I'm developing a command that is a utility to move packages around while keeping compatibility with softwares that import those packages. Maybe there are commands and utilities that already do approximately the same thing, but I'm mainly doing this to learn to use the go/ast package and everything. Let me give you a small example:

- Let's say I have a package in my GOPATH that's named 'foo'
- In this package there is another package 'bar', but this package bar has grown a whole lot since the beginning of the project, and might as well be a project on its own.
- What I want is extract package 'bar' from 'foo' without having to go through all other projects importing 'bar' to change import paths
- The process for the command is to first move package 'bar' wherever I tell it to move it and replace anything in previously existing package 'foo/bar' with bindings, so any function's body is replaced with a call to the function in the moved package, any type is transformed into an "alias" of the moved package's corresponding type (TypeA = bar.TypeA), as well as any constant or variable.

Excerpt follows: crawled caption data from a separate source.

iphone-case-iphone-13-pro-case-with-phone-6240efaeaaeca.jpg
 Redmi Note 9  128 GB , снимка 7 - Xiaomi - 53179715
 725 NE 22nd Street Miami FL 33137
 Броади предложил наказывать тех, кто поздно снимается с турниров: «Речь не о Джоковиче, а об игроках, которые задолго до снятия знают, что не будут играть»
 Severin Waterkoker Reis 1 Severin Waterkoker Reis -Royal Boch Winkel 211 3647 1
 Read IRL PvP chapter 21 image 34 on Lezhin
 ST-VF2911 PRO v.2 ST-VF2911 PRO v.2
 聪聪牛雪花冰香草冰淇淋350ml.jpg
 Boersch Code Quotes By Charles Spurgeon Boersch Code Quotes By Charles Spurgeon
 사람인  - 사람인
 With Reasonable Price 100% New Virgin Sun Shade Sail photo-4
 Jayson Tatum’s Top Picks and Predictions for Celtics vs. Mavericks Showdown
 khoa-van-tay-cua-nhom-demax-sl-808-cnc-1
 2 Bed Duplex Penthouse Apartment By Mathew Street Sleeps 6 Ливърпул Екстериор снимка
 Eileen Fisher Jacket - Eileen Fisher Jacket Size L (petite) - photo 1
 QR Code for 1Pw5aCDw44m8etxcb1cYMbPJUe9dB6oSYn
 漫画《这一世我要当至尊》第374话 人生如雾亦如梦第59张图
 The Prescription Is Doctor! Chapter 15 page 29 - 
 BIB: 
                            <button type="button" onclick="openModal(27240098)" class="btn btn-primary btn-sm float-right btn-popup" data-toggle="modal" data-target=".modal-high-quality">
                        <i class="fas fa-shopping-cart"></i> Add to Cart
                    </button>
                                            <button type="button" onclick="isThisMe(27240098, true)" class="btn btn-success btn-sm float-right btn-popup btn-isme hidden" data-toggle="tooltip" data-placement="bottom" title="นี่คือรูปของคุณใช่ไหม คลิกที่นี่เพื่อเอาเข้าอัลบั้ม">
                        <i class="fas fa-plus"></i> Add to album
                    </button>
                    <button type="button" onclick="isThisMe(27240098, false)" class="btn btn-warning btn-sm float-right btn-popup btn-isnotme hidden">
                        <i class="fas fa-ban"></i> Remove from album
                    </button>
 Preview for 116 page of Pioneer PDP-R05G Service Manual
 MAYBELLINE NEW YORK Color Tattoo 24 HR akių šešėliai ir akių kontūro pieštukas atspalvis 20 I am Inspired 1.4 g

The command is not finished yet but I'm running into a certain issue I can't find a solution to:

Whenever the command creates a binding for a given exported variable:

var (
    Anything = 5.0
)

becomes

var (
    Anything = bar.Anything
)

there's a risk that bar.Anything was originally changed during the program's execution and according to the context. If that was the case, any change to bar.Anything will not be applied in foo/bar.Anything, which breaks the whole thing.

Does anyone have an idea how to programmatically make it so that any changes applied to bar.Anything is applied to foo/bar.Anything, as if they really did share the same memory? Of course this would need to be totally transparent to the user of the package.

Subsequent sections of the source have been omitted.